A measureable improvement in performance results from changes in the generated
code like the attached patch. The idea is to take all the core protocol requests
that have only constant data and bypass any data-dependent processing in the XCB
core. This only works for request functions that take no arguments and do not
have to set an extension-specific major number: there are 13 such requests.
XCBGrabServer, XCBUngrabServer, XCBGetInputFocus, XCBQueryKeymap,
XCBGetFontPath, XCBListExtensions, XCBGetKeyboardControl, XCBGetPointerControl,
XCBGetScreenSaver, XCBListHosts, XCBGetPointerMapping, XCBGetModifierMapping,
Created attachment 5399 [details] [review]
Patch to make XCBNoOperation use XCB_REQUEST_RAW flag.
I provided measurements of the effect of fixing both this bug and #10167 in the message "best-case X no-op performance measurement":
Created attachment 29041 [details] [review]
Patch implementing usage of XCB_REQUEST_RAW
I've attached a patch implementing this.
I've no idea of what it does, I've just follow Jamey comments. :-)
Awesome, thanks Julien. :-) I don't think this patch is right though.
First, you should be able to programatically work out when this optimization is OK, rather than listing the functions to apply it to.
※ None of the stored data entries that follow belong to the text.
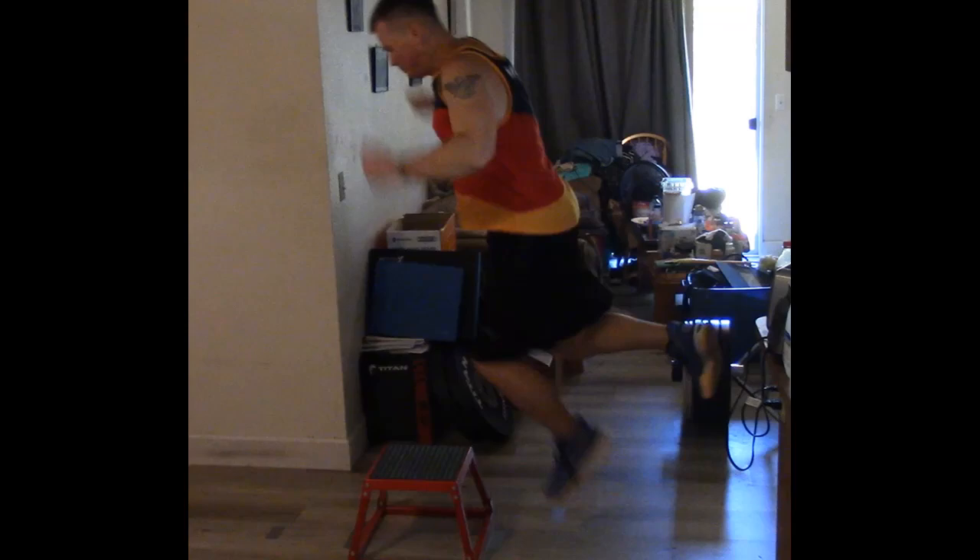Hey everybody, this is Dave Robb from Break My Legs. Today is June 9th, 2022, and today I'm doing single leg 12 inch box jumps.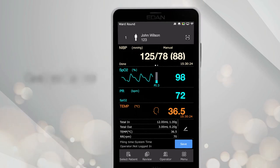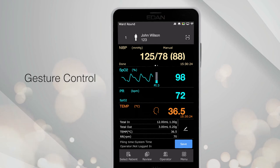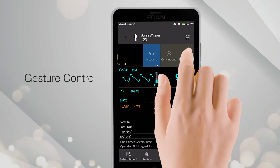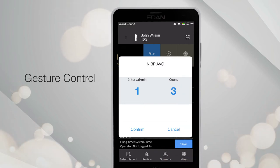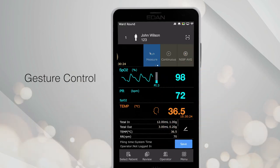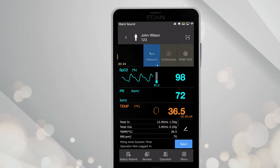With its capacitive touchscreen, gesture control is supported, such as swipe operation. You may easily switch between different NIBP functions, such as the AVG mode for automatic average measurements. Just like any touchscreen-enabled device, the user interface of the IM3S will intuitively respond to user input.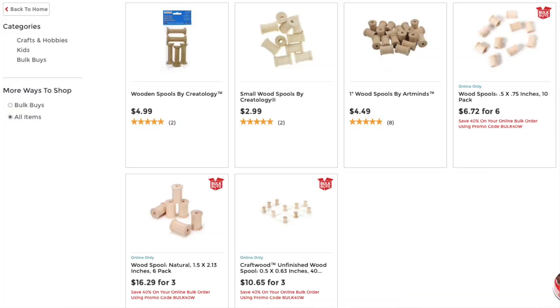These wooden spools — you may or may not know this — are available in a variety of sizes in the craft store. At Joann's, at Michael's, they have these wooden spools. I don't really truly know what they're supposed to be for, but as a sewist, I'm like, hello, that looks just like something that you would wrap fabric or yarn around.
According to my original notes in this bug, the request a) must not be in an extension and b) must not have any parameters. I think that's more restrictive than necessary but I can't remember why I described it that way, and at least it isn't wrong.
More importantly: When you use XCB_REQUEST_RAW, xcb_send_request won't set the length or major opcode fields for you. It just sends the bag of bytes that you hand it, exactly as-is. So you can't pass it an uninitialized request, you have to set those fields.
In my original illustrative patch, I set those fields by preinitializing a 'static const' request. That means fewer instructions and especially fewer stores, and is probably where the "must not have any parameters" restriction came from.
If you don't make the request const, then I think this optimization applies to any core protocol request that does not have variable-length parameters. Ideally you'd use 'static const' where possible as well as non-const raw requests for the others.
If we did a little API work in core XCB, we could extend this to extension requests as well, but I don't want to think that hard yet.
IMHO this whole line of work turns out to be a bad idea. Lots of complexity for small performance gains on things that don't bottleneck anyone anyway AFAIK. Honestly, if the request doesn't involve a round trip and isn't issued by normal applications thousands of times per second, I'm really not interested in its performance.
I'm OK with the patch going in, when it's right, but if it were up to me I'd just revert it, close the bug and call it an interesting experiment.
We can probably stop micro-optimising x11perf round trips.